His models use no fossil fuels, carbon capture, direct air capture, bioenergy, blue hydrogen or nuclear power.

Jacobson’s roadmap is different from many clean-energy proposals, which advocate using all technologies possible.



LADWPs Pine Tree Wind Farm and Solar Power Plant in the Tehachapi Mountains Tehachapi Mountains on Tuesday, March 23, 2021 in Kern County, CA.
Irfan Khan | Los Angeles Times | Getty Images


A prominent Stanford University professor has outlined a roadmap for the United States to meet its total energy needs using 100% wind, water and solar by 2050.

Mark Jacobson, a Stanford professor of civil and environmental engineering and the director of its Atmosphere/Energy Program, has been promoting the idea of all renewable energy as the best way forward for more than a decade. His latest calculations toward this ambitious goal were recently published in the scientific journal Renewable Energy.

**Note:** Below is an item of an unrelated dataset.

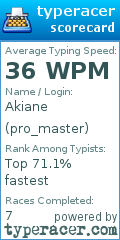 Scorecard for user pro_master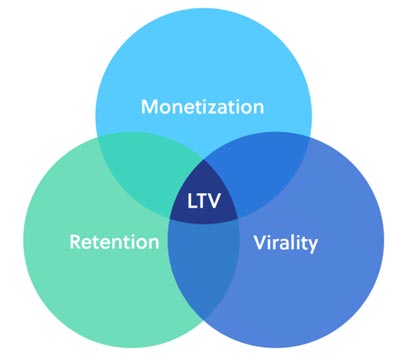 Lifetime Value Combinations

Transitioning to a clean-energy grid should happen by 2035, the study advises, with at least 80% of that adjustment completed by 2030. For the purposes of Jacobson’s study, his team factored in presumed population growth and efficiency improvements in energy to envision what that would look like in 2050.

Jacobson first published a roadmap of renewable energy for all 50 states in 2015.

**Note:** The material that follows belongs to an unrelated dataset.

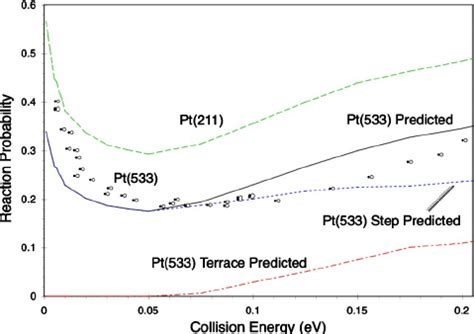 Color Comparison Of Reaction Probabilities With Experimental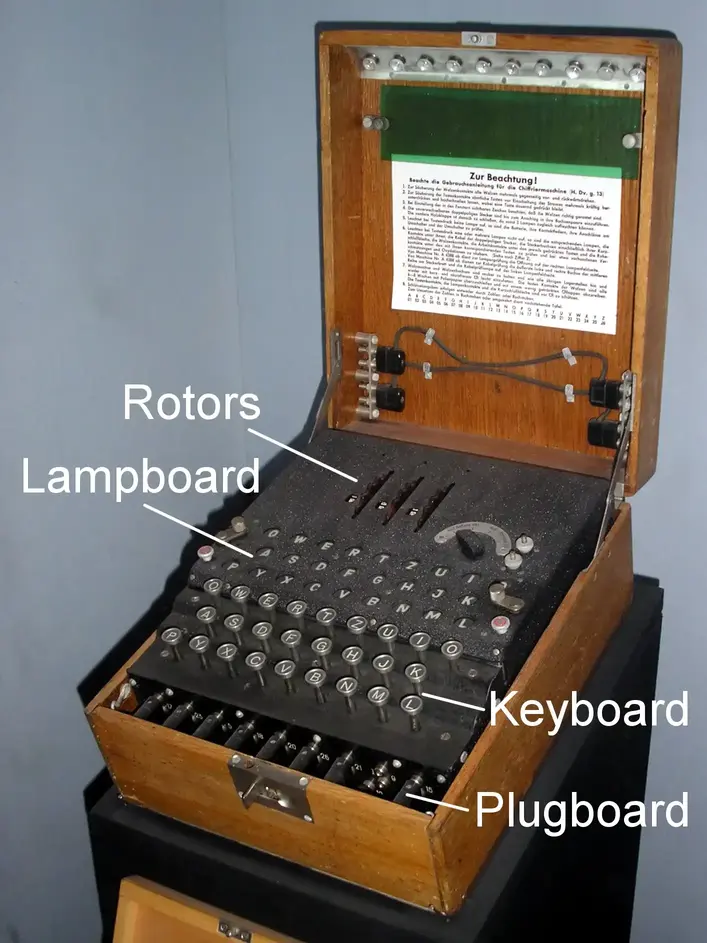 The Math Behind Enigma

This recent update of that 2015 work has a couple of notable improvements.

First, Jacobson and his colleagues had access to more granular data for how much heat will be needed in buildings in every state for the coming two years in 30-second increments. “Before we didn’t have that type of data available,” Jacobson told CNBC.

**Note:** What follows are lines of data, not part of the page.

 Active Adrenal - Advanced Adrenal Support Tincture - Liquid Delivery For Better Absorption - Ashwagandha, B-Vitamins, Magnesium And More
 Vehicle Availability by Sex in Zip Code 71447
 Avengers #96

Also, the updated data makes use of battery storage while the first set of calculations he did relied on adding turbines to hydropower plants to meet peak demand, an assumption that turned out to be impractical and without political support for that technology, Jacobson said.

Reliability of four-hour batteries


In the analysis, Jacobson and his team used battery-storage technology to compensate for the inherent intermittency of solar and wind power generation — those times when the sun doesn’t shine and the wind doesn’t blow.

The Achilles’ heel of a completely renewable grid, many argue, is that it is not stable enough to be reliable. Blackouts have become a particular concern, notably in Texas this year and during the summer of 2020 in California.

That’s where four-hour batteries come in as a way to generate grid stability. “I discovered this all just because I have batteries in my own home,” Jacobson told CNBC. “And I figured, oh, my God, this is so basic. So obvious. I can’t believe nobody has figured this out.”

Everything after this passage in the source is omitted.